Silicon Valley Execs May Be Drawn to Legal Tech as Revenues Rise

This article was originally published on Bloomberg Law and has been republished.

Mike Gamson’s recent decision to leave LinkedIn to become CEO of e-discovery company Relativity is a notable illustration of a mainstream technology executive looking to take advantage of the burgeoning legal tech sector.

Executives like Gamson, who have helped build big tech operations, can be invaluable to smaller legal tech companies seeking venture capital and growth that could include a public offering, according to industry recruiters.

Gamson downplayed the notion that Relativity is looking for an IPO path, at least for the time being.

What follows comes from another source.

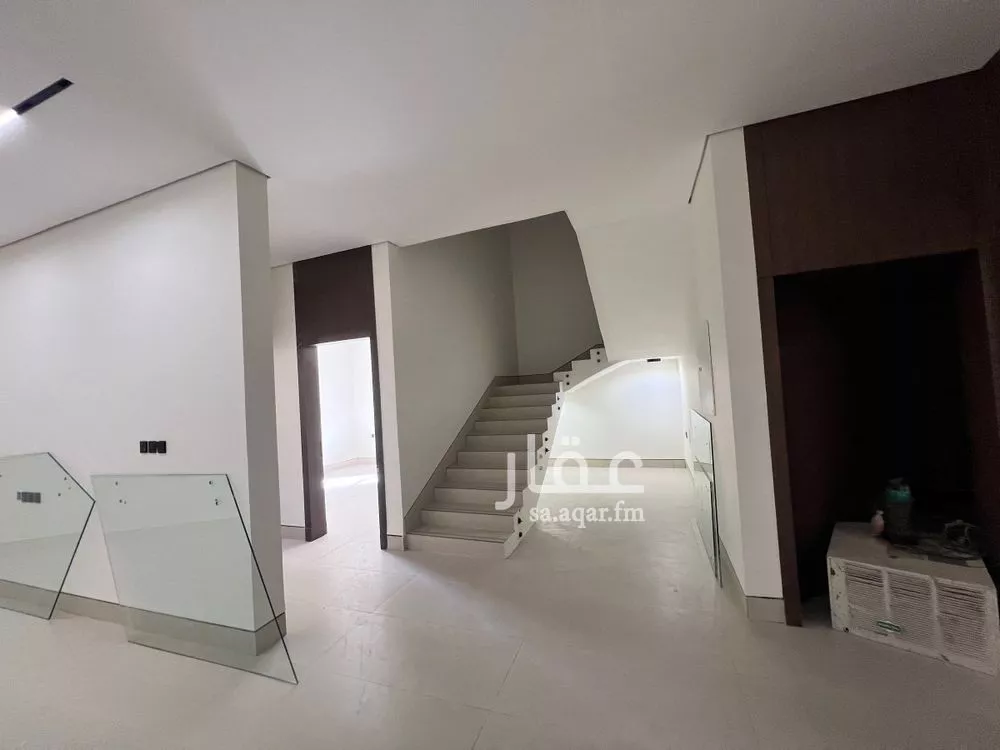 5 bedroom villa in Al Yarmouk 20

An increasing number of legal tech companies are fitting comfortably in that space. Investments surged in 2018, from $233 million two years ago to $1.7 billion last year, according to figures from the Legal Tech Sector Landscape Report by Tracxn Technologies.

Executives like Gamson, a former senior vice president with LinkedIn, “can bring scale around systems and processes, and build layers of management,” said Mike Doonan, a managing partner with SPMB, a tech executive search firm based in San Francisco. “They know how to get companies to the highest size.”

Growth Experience

Silicon Valley headhunters say they haven’t seen tech leaders with Gamson’s pedigree make this type of move before.

In a general sense, one path for legal tech companies—like financial tech and other so-called “vertical software” organizations—is to pursue someone with a “domain” background, who possesses subject matter expertise, said Kathryn Ullrich, technology partner and head of the U.S. diversity practice with the Silicon Valley office of executive search firm Odgers Berndtson.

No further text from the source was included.